Partly as a result, banks are increasingly compromising between risk prevention and political pressure by boosting lending through bill financing instead of writing outright loans. In theory this limits risks because bill financing tends to be short-term and can be easily transferred to another bank. Of the 477 billion yuan of new loans made in November, half were in bill financing. The rise of bill financing may increase systemic risks in the future because banks tend to be less careful when they discount these bills due to their transferability. Loans, on the other hand, are stuck on banks' balance sheets.

Meanwhile, if the economy worsens in the first quarter the government may be tempted to abandon prudent regulation altogether. Beijing could order the CBRC to disregard risk targets or even abolish the CBRC. This would plunge China back into the old days when the only risks that bankers faced were political ones.

Without a global financial crisis, the global financial community might have criticized such a giant step back toward the planned economy. The criticism might have at least triggered some debate in China. However, with the rest of the world suffering a severe credit crunch that has seen free-market governments bailing out their own financial institutions, there are few people left who can credibly criticize China's actions.
Western central banks have conducted operations that once were monopolized by the Chinese central bank and drew scoffs and snorts from the global banking community.

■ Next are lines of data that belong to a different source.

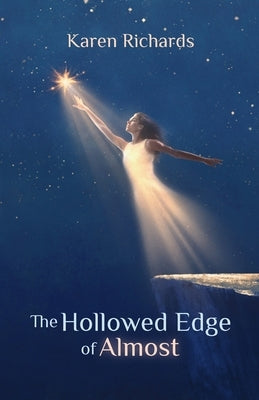 The Hollowed Edge of Almost by Richards, Karen L.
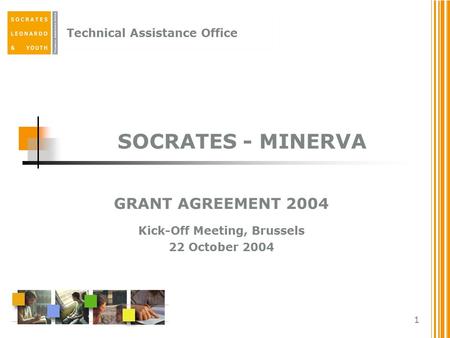 Technical Assistance Office 1 SOCRATES - MINERVA GRANT AGREEMENT 2004 Kick-Off Meeting, Brussels 22 October 2004.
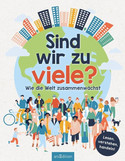 Sind wir zu viele?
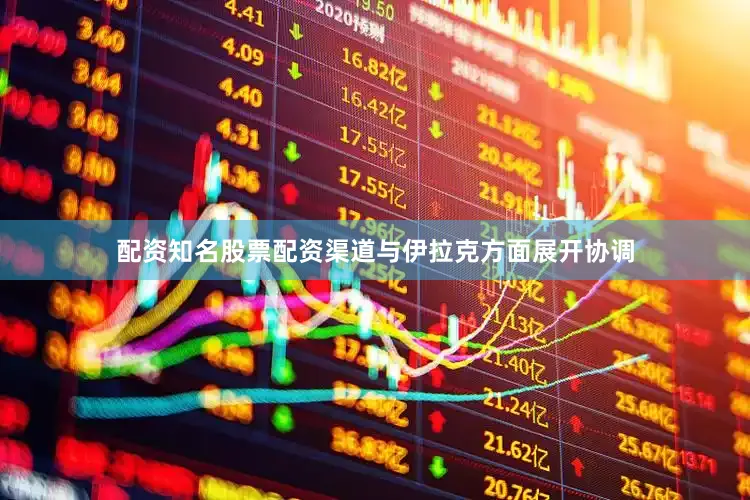 配资知名股票配资渠道与伊拉克方面展开协调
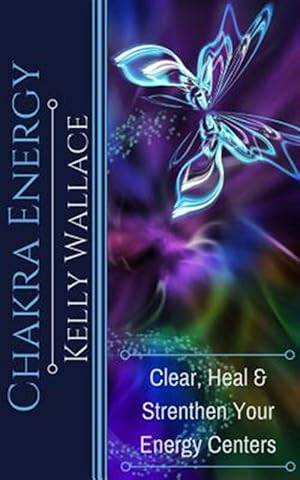 Imagen del vendedor de Chakra Energy : Heal, Cleanse and Strengthen Your Energy Centers a la venta por GreatBookPrices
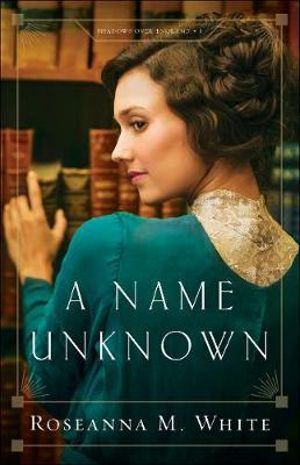 A Name Unknown : Shadows over England - Roseanna M. White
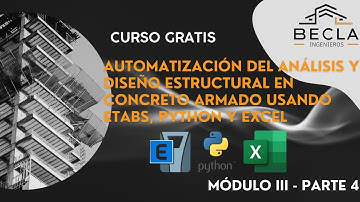 Automatización del Análisis y Diseño Estructural en Concreto Armado usando ETABS, Python y Excel -13
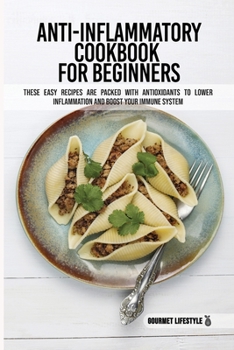 Paperback Anti-Inflammatory Cookbook for Beginners: These Easy Recipes Are Packed With Antioxidants to Lower Inflammation and Boost Your Immune System Book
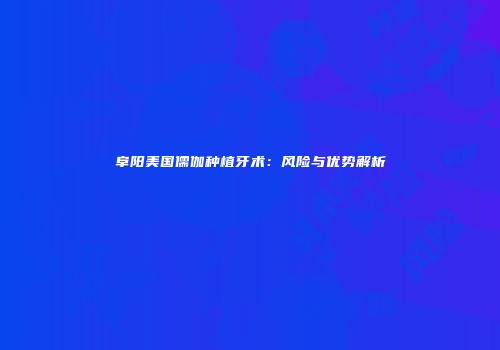阜阳美国儒伽种植牙术：风险与优势解析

For example, the People's Bank of China, the central bank, used to conduct "relending" operations to inject funds into distressed banks to pay creditors or to write off distressed assets. Now, the Federal Reserve is doing the same by buying or accepting as collateral questionable assets from banks.

In any event, everyone is too preoccupied with their own losses to comment on Chinese policies. Which is a problem, not least for China itself. With enormous political pressure from the central government to pump money into the economy and silence from the rest of the world, much of the work in the past decade is being undone.